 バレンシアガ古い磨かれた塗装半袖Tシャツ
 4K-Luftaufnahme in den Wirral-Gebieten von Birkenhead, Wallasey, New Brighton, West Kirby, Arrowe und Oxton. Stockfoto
==
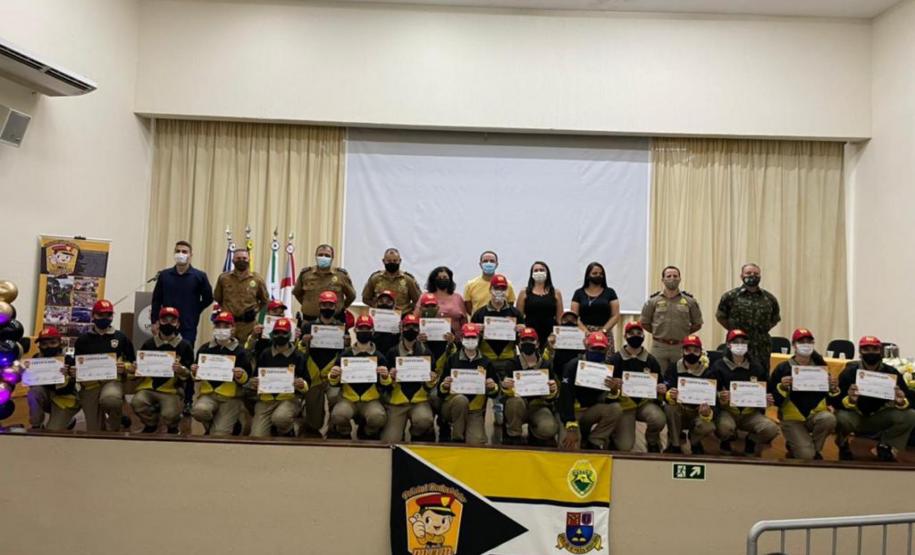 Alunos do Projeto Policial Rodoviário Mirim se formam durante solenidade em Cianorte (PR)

- [TASK ITEM] Here the job is to set down exactly the lines of the material above that fall between the one with "バレンシアガ古い磨かれた塗装半袖Tシャツ" and the one with "4K-Luftaufnahme in den", inclusive, and nothing beyond them.

- [ANSWER BOX]
 バレンシアガ古い磨かれた塗装半袖Tシャツ
 4K-Luftaufnahme in den Wirral-Gebieten von Birkenhead, Wallasey, New Brighton, West Kirby, Arrowe und Oxton. Stockfoto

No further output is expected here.